Hello! I’ve been using FreeNAS and TrueNAS for a couple of years now and decided I’d replace my existing disks with higher capacity ones, resilver after each change and finally extend my existing pool. My NAS has room for 4 disks. I started with a single disk a month ago and got 3 more this week to finish the process

Regarding the 3 new disks, the first two replacements/resilvers went fine. However, I noticed the third resilver was taking much longer than the previous ones. I made sure there were no scheduled S.M.A.R.T. tests or scrubs running. Looking at the disk activity graph in the web interface shows something concerning:

You can clearly see two peaks (they’re around 100 MiB/s) which correspond to the first two resilvers (which completed in around 4 hours each) and then a smaller “flat” line during the third resilver (around 20MiB/s), indicating it was much slower and took longer.

Would this be enough to conclude that disk is faulty and has limited write speed?

I also ran a write speed test with dd following the tips in this archived post (disable cache and compression for the dataset during the test).

The three new disks performed at around 80-100MiB/s for the duration of the test.

I am currently also running a read speed test and will post their results.

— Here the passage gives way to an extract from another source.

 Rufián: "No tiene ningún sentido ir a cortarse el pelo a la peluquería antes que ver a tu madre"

I’m confused and concerned as to why that last resilver took so long.

Can anyone offer any suggestions or ideas?

What are the models numbers of your disks? (Should be able to get it from disk list)

This is why it is a good idea to burn-in drives prior to deployment…

1 Like

This is enough to suspect you might have a SMR drive in the mix.

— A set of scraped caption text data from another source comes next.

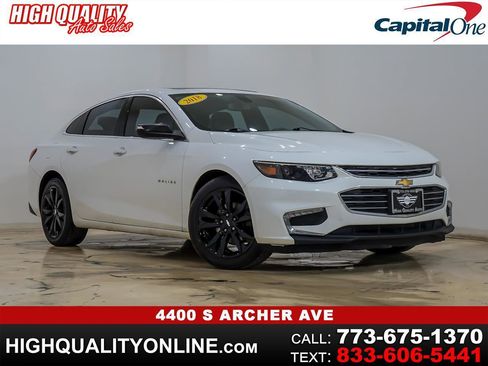 Used 2018 Chevrolet Malibu LT w/ Leather Package FWD image 1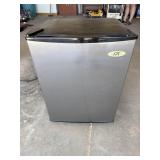 Mini stainless steel refrigerator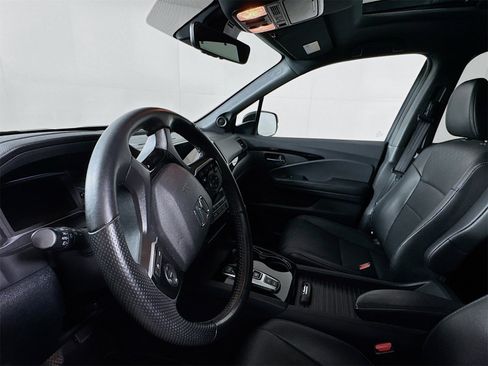 Used 2020 Honda Passport Touring image 8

Indeed. The time for it to fail or behave strangely is before it’s part of your pool.

1 Like

The first I replaced is a Toshiba N300, reported as TOSHIBA_HDWG440 by TrueNAS.
The other 3 are Seagate Ironwolf drives, reported as ST4000VN006-3CW104 by TrueNAS.

They should all be CMR as far as I’m aware.

I definitely learned my lesson regarding drive burn-in :upside_down_face:

Still, is there any way to identify which drive could’ve caused the slow resilver (or if a drive even is the cause to begin with)?

I still haven’t expanded the Pool so I could offline each new disk, replace it with its previous counterpart and test it individually. Would this be the way to go?

Reply to Fleshmauler:

Exactly! Actually I do that by applying a full veracrypt encryption of the new harddrive. The drive is inserted in an actively cooled USB case. That way I don’t need to mess with my hardware and can still use the PC.

I just check the smart data before and after the full write. :face_with_peeking_eye:

Check the SMART values of the 3 new disks. Anything suspicious there?

Nothing of note in S.M.A.R.T.

No errors logged. The raw error (read, seek, ECC recovered) rates for all 3 new disks convert to 0 using this neat calculator someone made.

I have offlined the last disk I changed (the one that resilvered slowly, let’s call it disk ‘B’) and replaced it with the disk previously installed on the slot (disk ‘A’). The resilvering of disk ‘A’ is running at the expected speed (~100MiB/s). I am also now running badblocks on disk ‘B’.

Curiously, TrueNAS originally gave me the following error when trying to replace disk ‘B’ with disk ‘A’:

Invalid argument during seek for write on /dev/sdX

The error cleared up with a reboot.

Maybe a bug in TrueNAS just doesn’t like doing too many resilvers in sequence? If badblocks and subsequent S.M.A.R.T. tests don’t reveal anything wrong with disk ‘B’ I might just try replacing it after rebooting and see if it performs better.